Monday, August 21, 2006

Bush: Felon

Glenn Greenwald puts it nice and slow for the media to understand, but I think he'll still need hand puppets.
This has been the most bizarre part of the NSA scandal all along: the President got caught red-handed violating an extremely clear law -- he admitted to engaging in the very behavior which that law says is a felony punishable by up to 5 years in prison and a $10,000 fine -- and yet official Washington (the political and pundit classes) simply decided to pretend that wasn't the case.

They agreed to acquiesce to the administration's fiction that there are some sort of complex and difficult legal questions with which one must grapple, and that only shrill partisans say that the President is violating the criminal law. And thus, a Washington ruling class which reveled in subpoenas and criminal investigations over such towering matters as Whitewater, Vince Foster and Monica Lewkinsky has collectively decided that talk of criminality on the part of the President for how he is spying on Americans is imprudent and unserious.
He also gets at the root cause of this all - the media is unwilling to call Bush for the felon he is because, in large part, the media is complicit:
This judge, unknown to the Important People in academia and the political power centers, sitting in her little Detroit courtroom, has broken the rules. She used language which is uncouth (she pointed out the obvious -- that this President has pretenses to being a King) and refused to pay homage to the false orthodoxy that there are really difficult questions triggered by the President's refusal to abide by the criminal law. How irresponsible, unscholarly and unserious she is.

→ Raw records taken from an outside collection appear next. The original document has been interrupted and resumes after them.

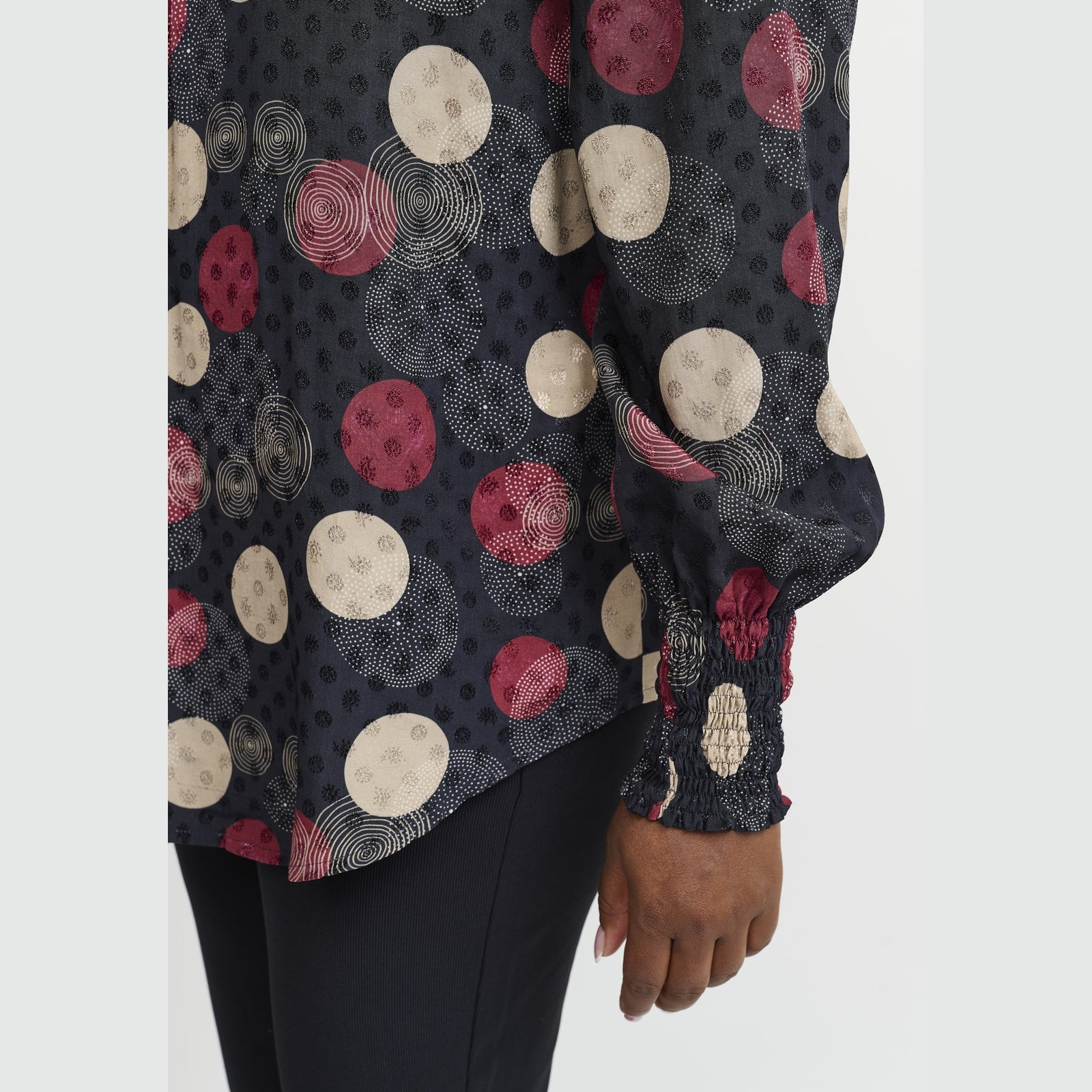 Pont Neuf PNDalvina Bluser 2999 BORDEAUX RED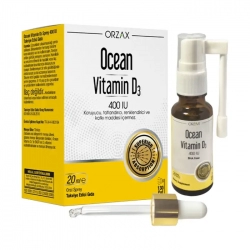 Ocean Vitamin D3 Spray 400IU Orzax 20ml - Giúp tăng cường hấp thu canxi Ocean Vitamin D3 Spray 400IU Orzax 20ml - Giúp tăng cường hấp thu canxi
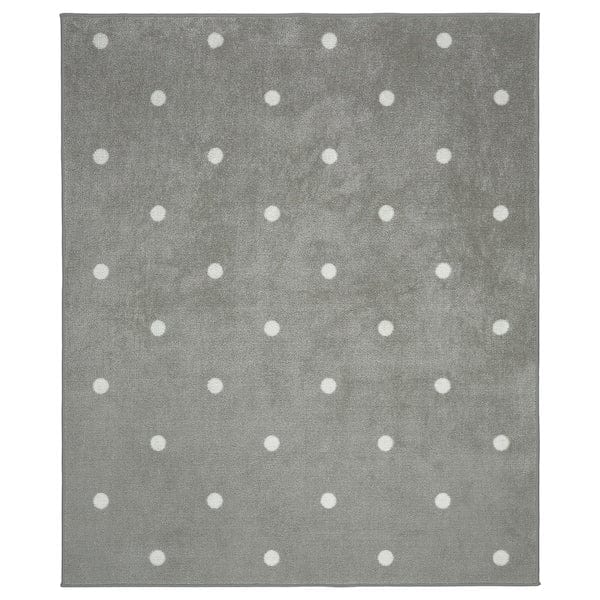 LEN - Rug, dotted/grey, 133x160 cm
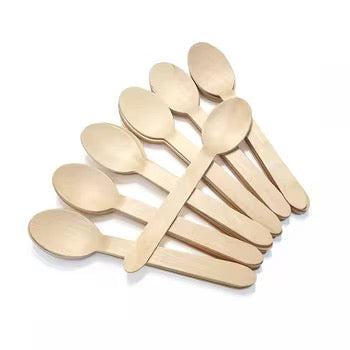 100pcs/pack Wooden spoon #WF2097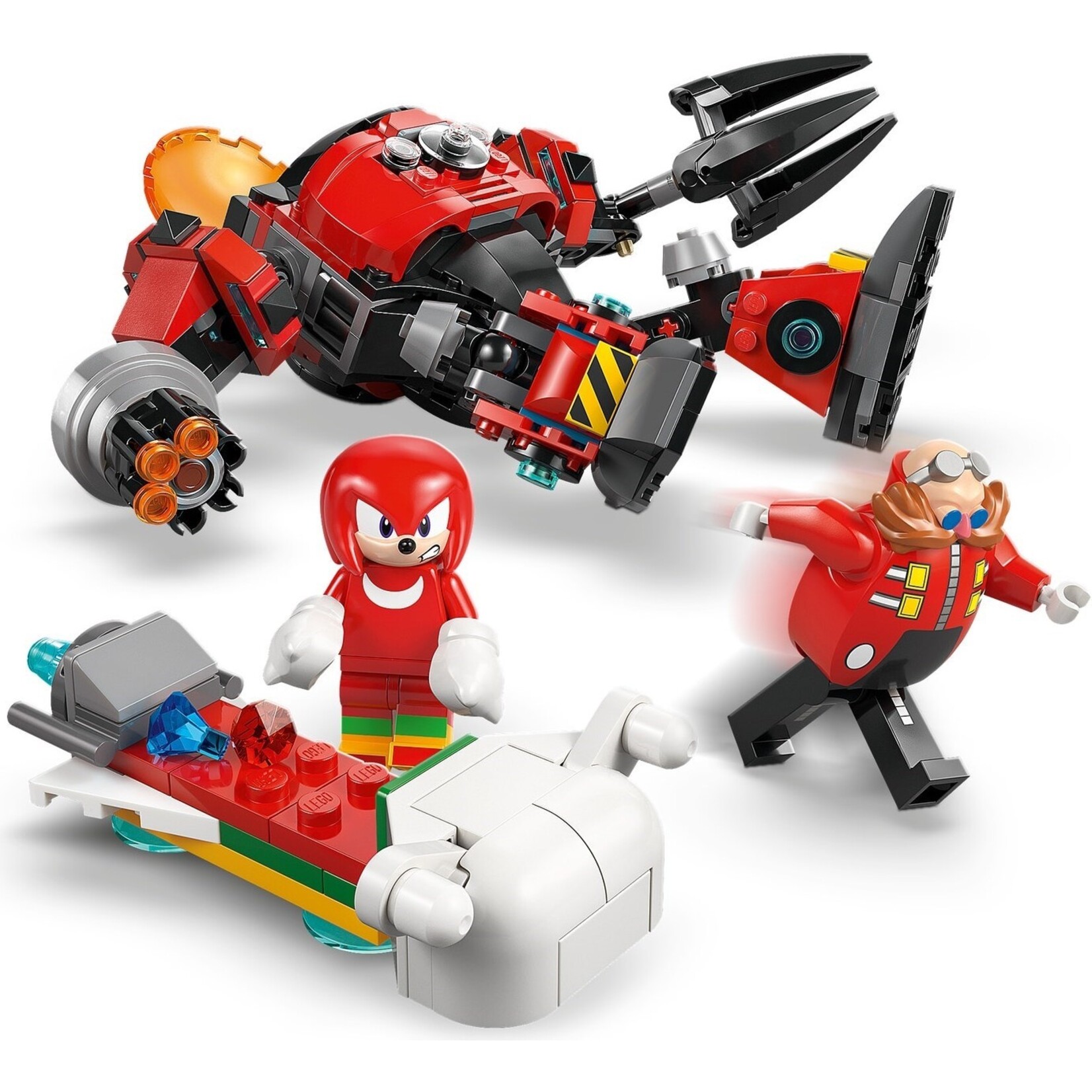 LEGO Knuckles vs. Dr. Eggman Egg Crusher Mecha - 77005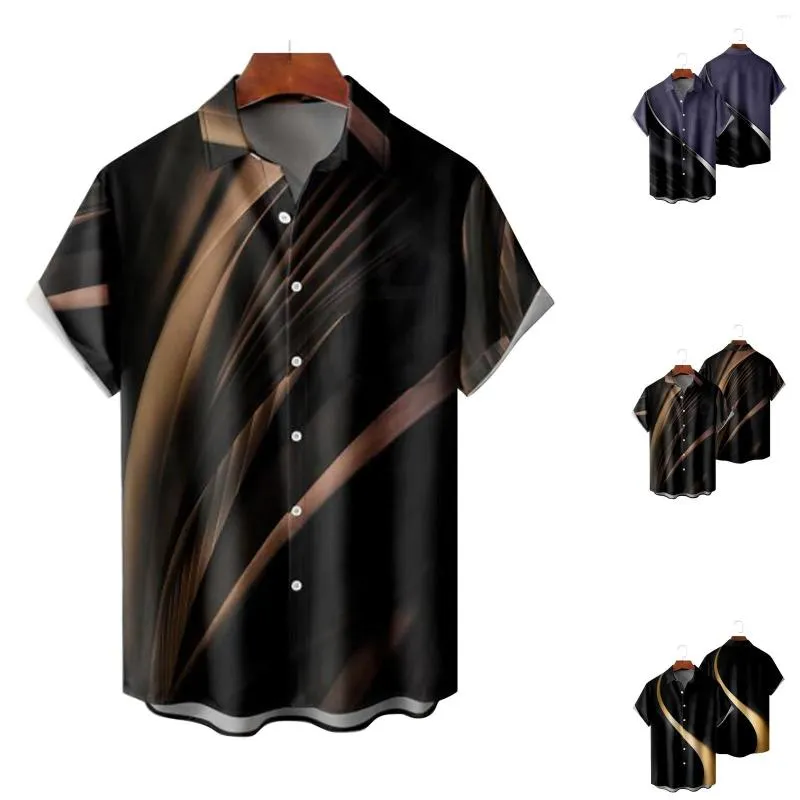 Männer Casual Hemden Cord Hosen Herren Gedruckt Hawaiian Kurzarm Button Down Strand Hemd Für Mann Mode Männer Tops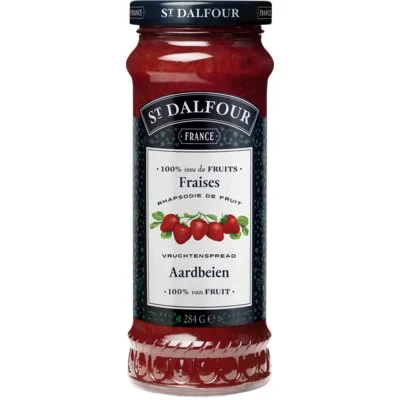 St Dalfour Aardbeien vruchtenspread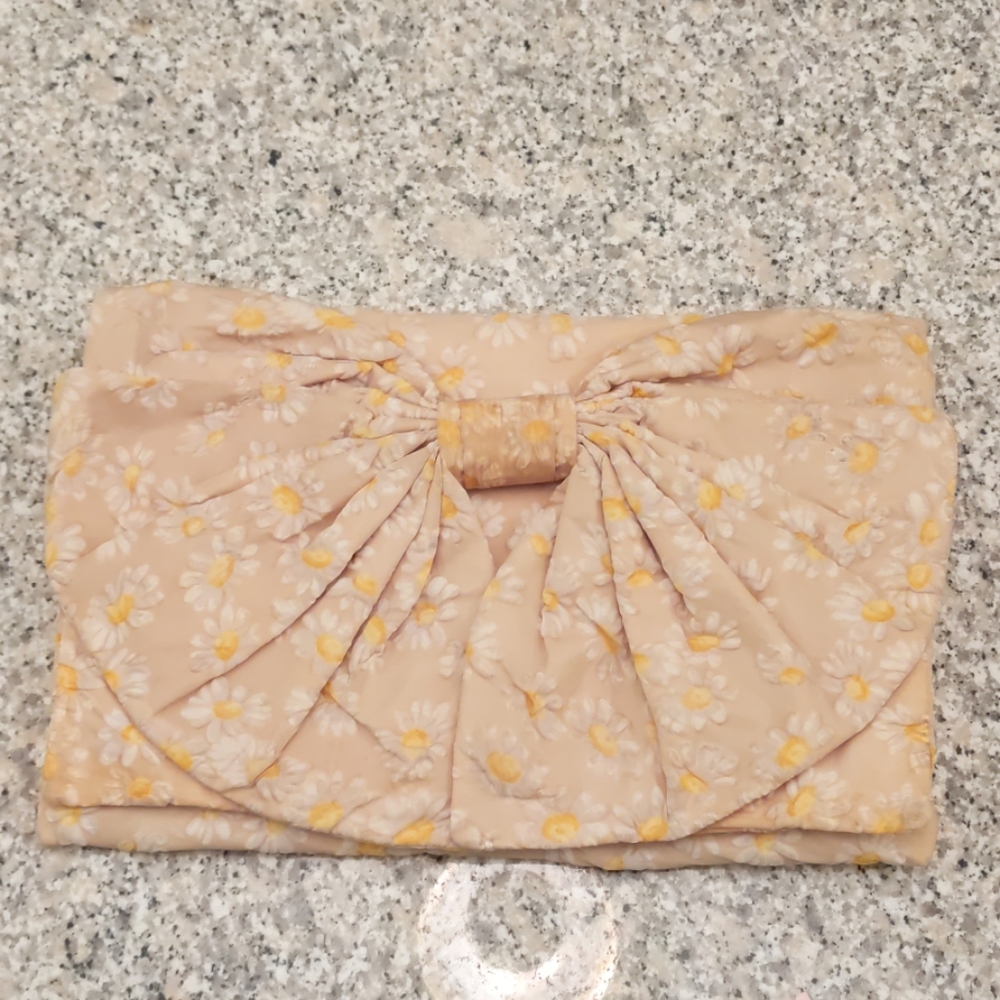 Red Valentino Daisy floral clutch purse bag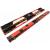 3/4 Baize Master Black & Red Patchwork cue case - view 1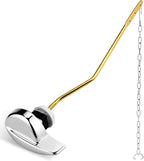 Ullnosoo Toilet Handle Replacement for TOTO with Chain, Upgraded for TOTO THU068#CP Trip Lever for St743S, St454E Toilet Tank Metal Material Side Mount Flush Handle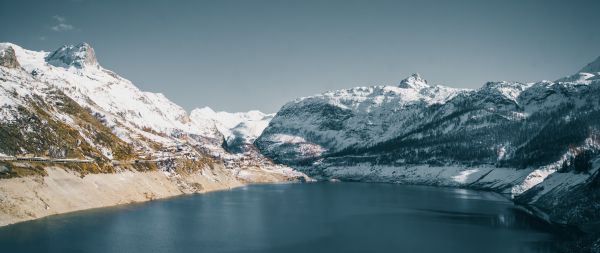 Tin, France, mountains Wallpaper 2560x1080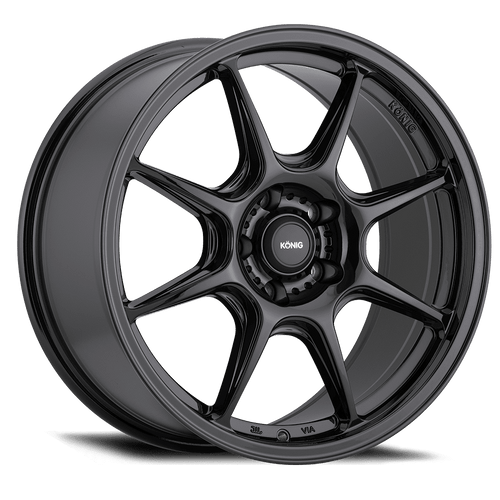 Konig 102B Lockout Wheels Rims 18x8.5 5x114.3 Gloss Black 45mm | 102B-LK88514455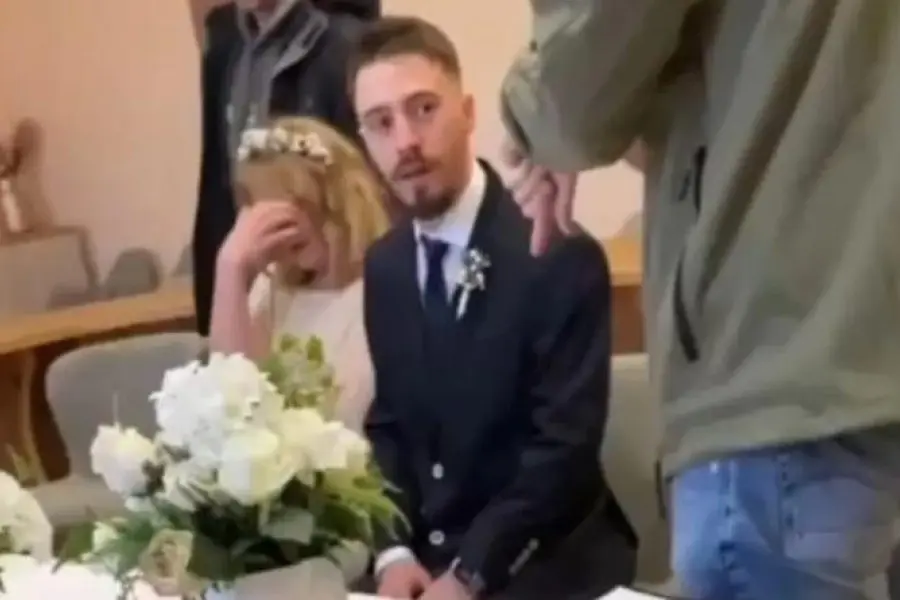 Una boda para el trauma: la Policía detuvo al novio y su pareja terminó internada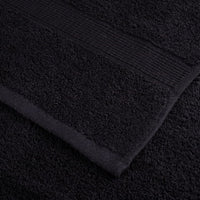 Set ASciugamani SOLUND 12 pz Neri 600 gsm 137582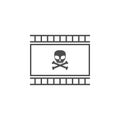 thriller icon. Cinema element icon. Premium quality graphic design. Signs, outline symbols collection icon for websites, web desig Royalty Free Stock Photo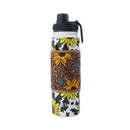 Moo & Bloom Stainless Steel Water Bottle in Sunflower Yellow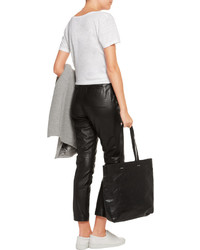 Joseph Tessa Suede Trimmed Leather Skinny Pants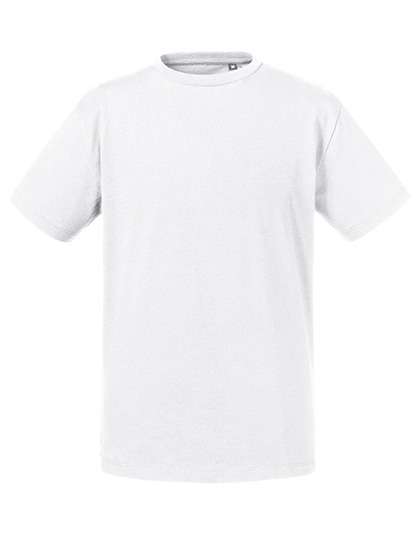 Russel Pure Organic Bio-Baumwolle T-Shirt mit schmalem Kragen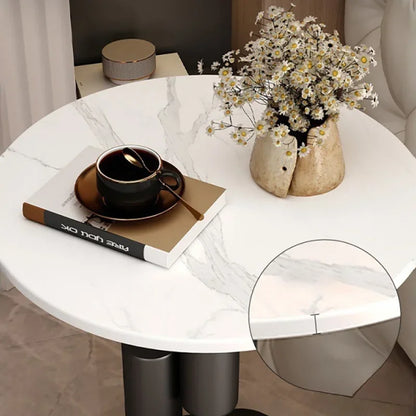 Cream style creative sofa side table, living room small round table, creative coffee table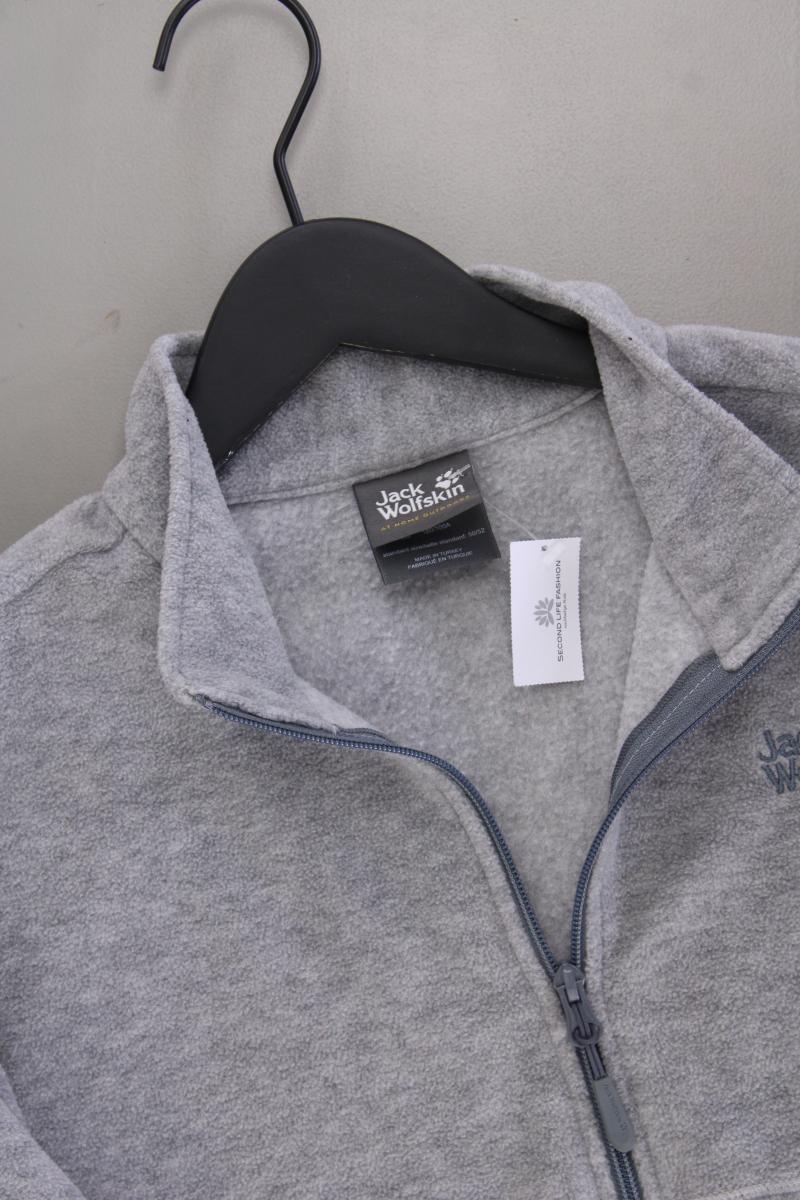 Jack Wolfskin Fleecepullover für Herren Gr. L grau aus Polyester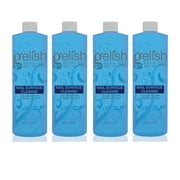Gelish Nail Soak Off Surface Gel UV Top Coat Cleanser Bottle 16fl oz (4 Pack)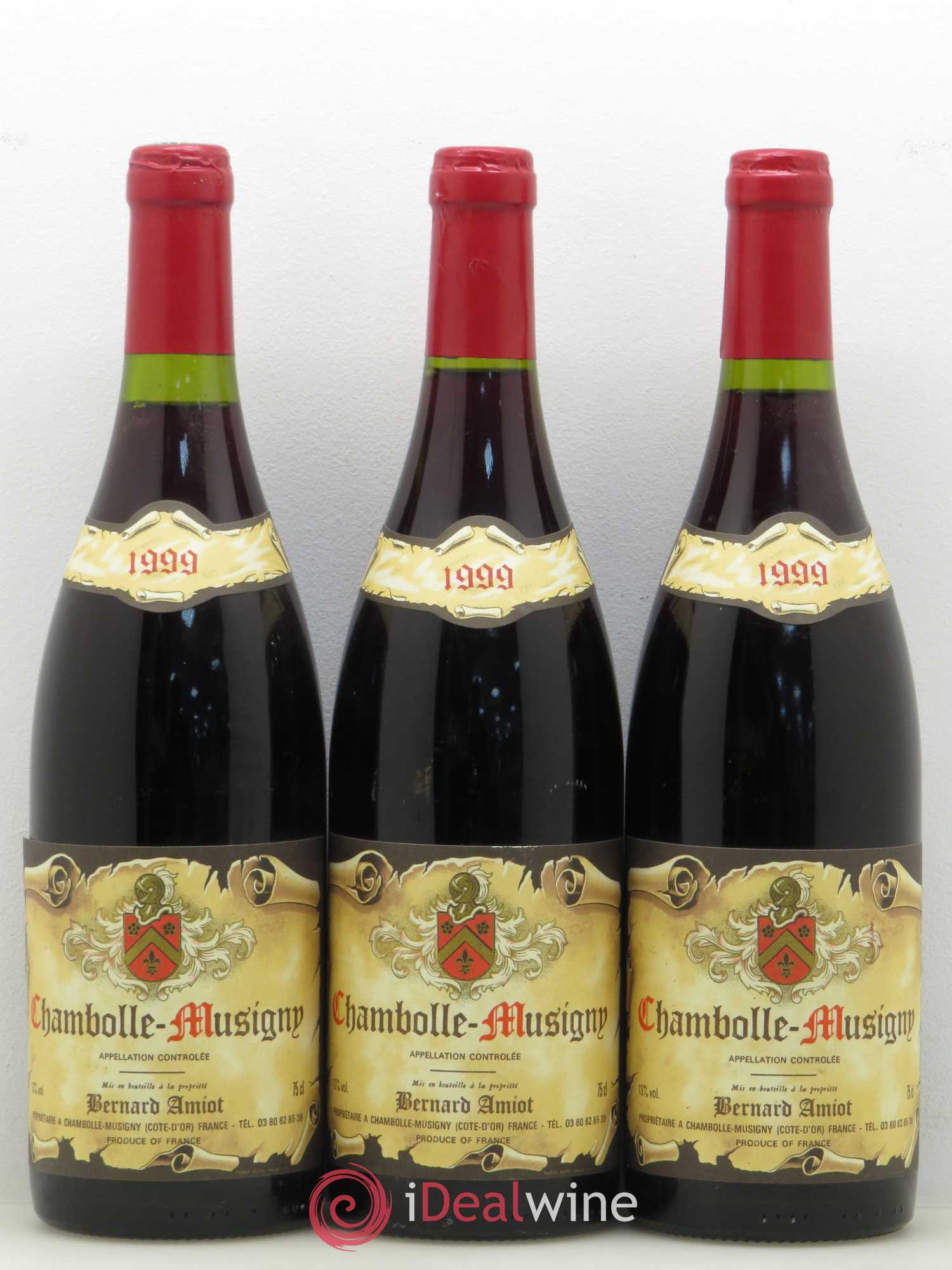 Chambolle-Musigny Bernard Amiot 1999 - Lot of 3 bottles - 0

This is the same mindset that has placed off limits any real accounting for the abject disaster that our country has been lead into in Iraq. Official Washington won't accept any emphatic declarations of guilt over what happened because virtually the entire Washington establishment endorsed the invasion of Iraq, continued to defend the occupation, and is thus responsible for it. Thus, it's acceptable to offer polite and muted criticisms of those responsible, but they are not to be castigated or stigmatized in any way for their horrendous misjudgments and ongoing deceit.